Source material -
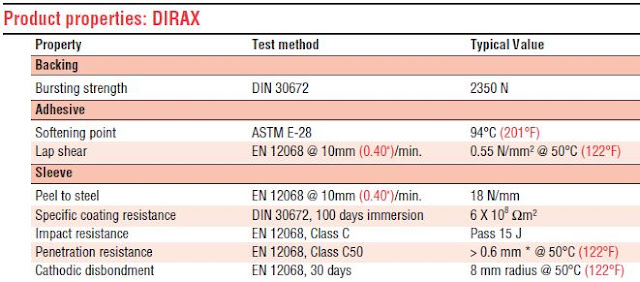 dirax test results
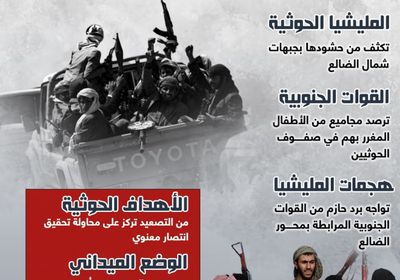 تحشيد حوثي شمال الضالع (إنفوجراف)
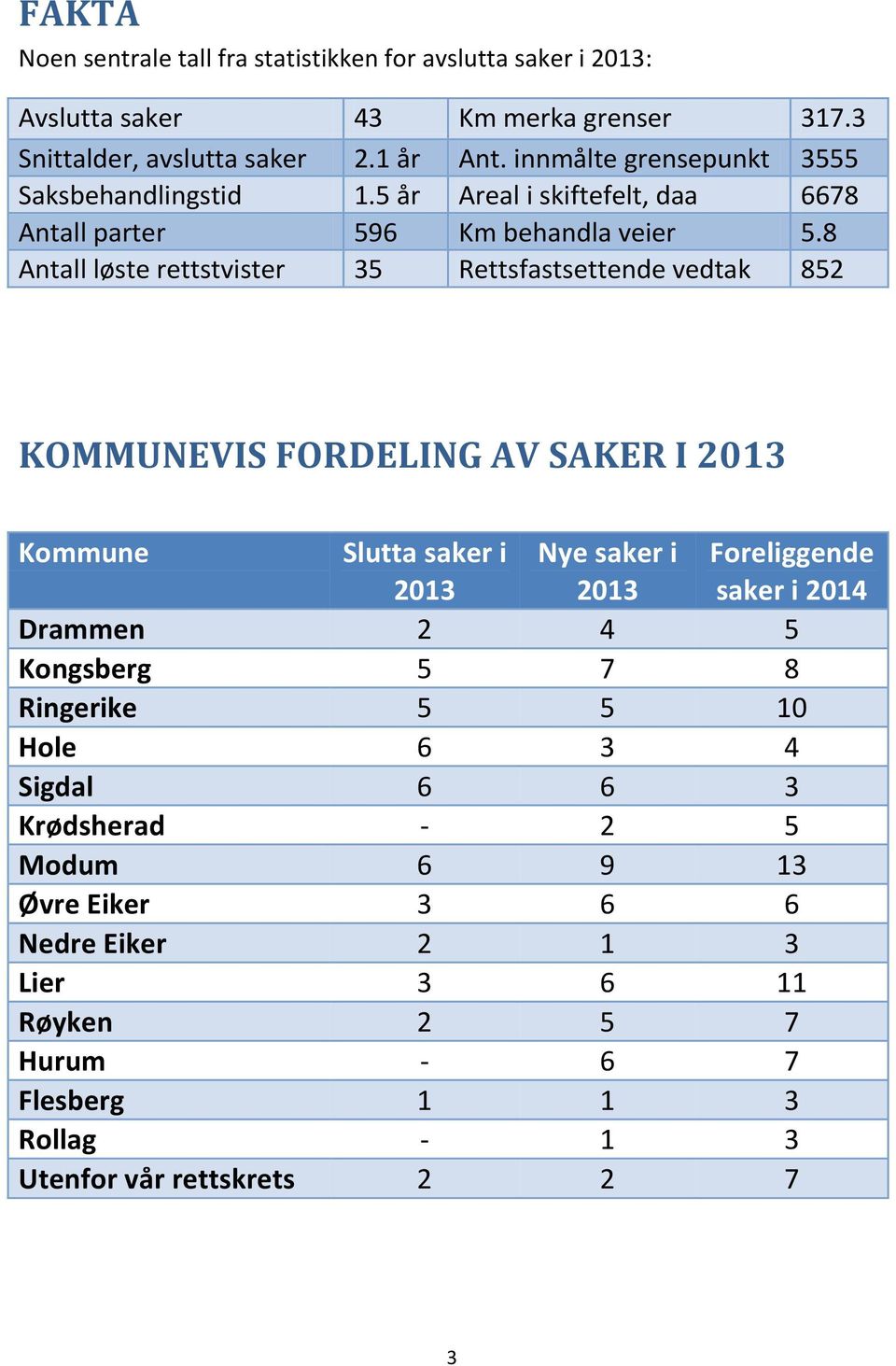 8 Antall løste rettstvister 35 Rettsfastsettende vedtak 852 KOMMUNEVIS FORDELING AV SAKER I 2013 Kommune Slutta saker i 2013 Nye saker i 2013 Foreliggende saker i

Your goal - Leaving the pictures out, set down all of the data again exactly.

Reply -
 dirax test results
 تحشيد حوثي شمال الضالع (إنفوجراف)
 8 Antall løste rettstvister 35 Rettsfastsettende vedtak 852 KOMMUNEVIS FORDELING AV SAKER I 2013 Kommune Slutta saker i 2013 Nye saker i 2013 Foreliggende saker i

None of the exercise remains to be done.